Through business planning, the board helped the Stoltzes identify their strengths and weaknesses in terms of management infrastructure. Systems were implemented and recruiters were employed to locate and attract the desired talent necessary to fill vacancies in the organization. More comprehensive accounting software was suggested, and better, more thorough account practices were implemented to assist in determining profit margins on each job taken by the company. Incentive based compensation was instituted as well as nonqualified deferred compensation for key employees. Succession planning in a career track were established to assure that the son and daughter would take over the business as they achieved certain goals set forth by the Stoltzes. The board also helped the Stoltzes set up a manufacturing plant in a foreign country where many of their customers were doing business.

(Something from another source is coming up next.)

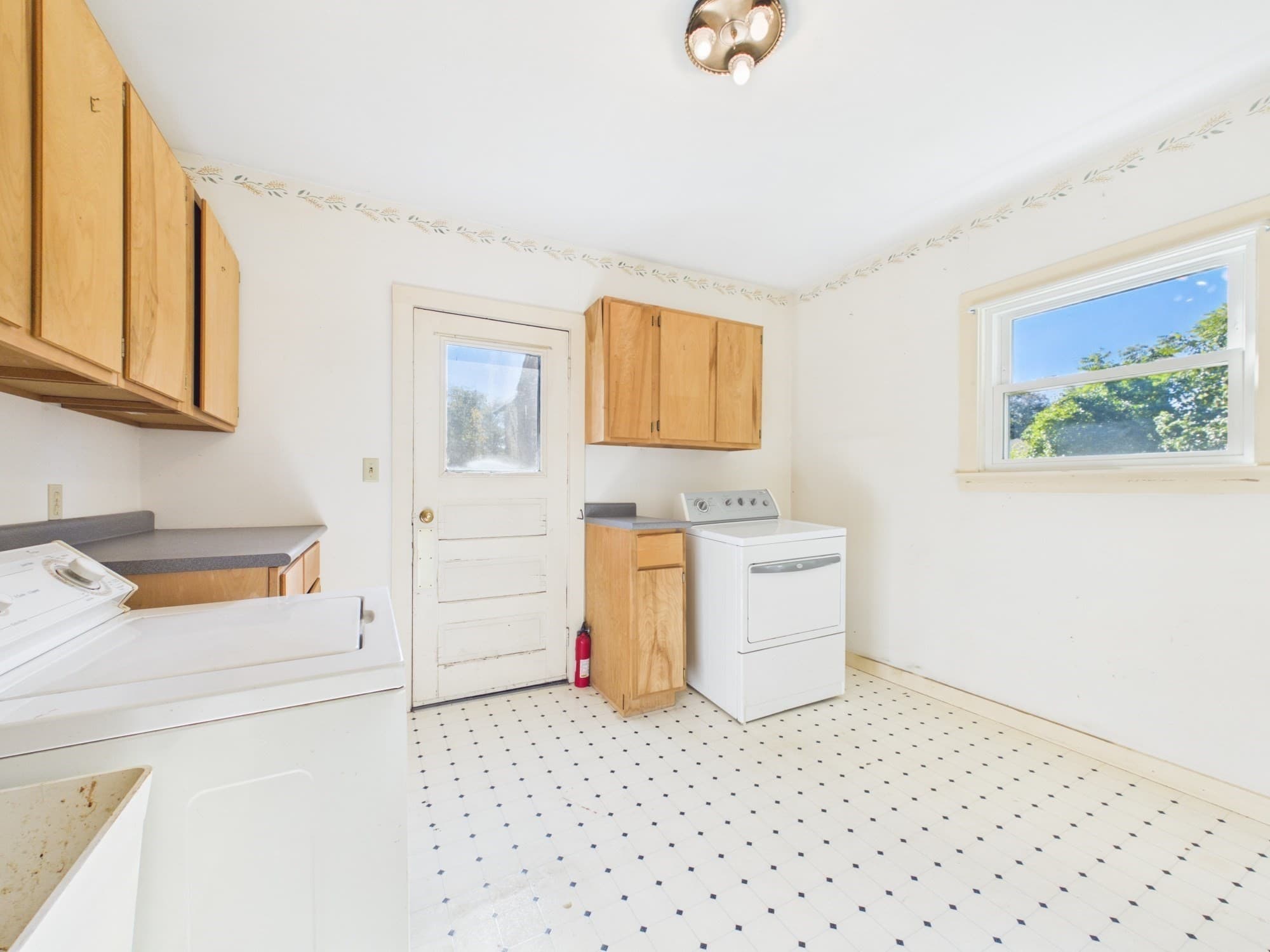 Single Family Residence at 56 Glover St, Southbridge MA 01550, photo 11 of 32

As a result of establishing this plant, opportunities arose to mitigate income tax through the use of foreign sales corporations and by utilizing some rather complex, relatively unknown international tax strategies. The company’s profit sharing plan was abandoned since it was costly, did not directly benefit the owners, and did not motivate the average employees due to the seasonality of their employment.

Estate Tax Planning

The new business entity – a family limited partnership (FLP) – was formed to allow full control by Mr. and Mrs. Stoltz and allow future appreciation of cash flow and business value to occur in this new structure. This was accomplished by establishing a FLP in which the Stoltzes each owned a general partnership interest. Then, the 98% limited partnership (LP) interests were split evenly between their son and daughter. A new manufacturing line was constructed in a new plant. The total value of the building and manufacturing equipment was valued at $1,000,000. Because of minority interest and the illiquidity associated with these interests, the Stoltzes discounted the value of the LP interests by 40% to arrive at a valuation of $580,000 on the 98% LP interests. The Stoltzes then used a portion of each of their unified credits and filed applicable gift tax returns reflecting the value of the gifts made to their children. The FLP allowed the Stoltzes to maintain control over the manufacturing plant while removing the value of the asset from their estate.

Asset Protection Planning

The advisory board discovered that the Stoltzes had some exposure to potential contamination issues. The buildings they owned personally that were rented back to their business had some potential EPA land issues from previous land owners. The Stoltzes set up asset protection trusts to mitigate the risk of judgments levied against them personally. The board recommended that certain assets be owned in an asset protection trust (which is income tax neutral) to protect wealth and assets from potential wayward, but damaging judgments. These trusts also contained the professional managed investments, which would provide growth and future retirement income.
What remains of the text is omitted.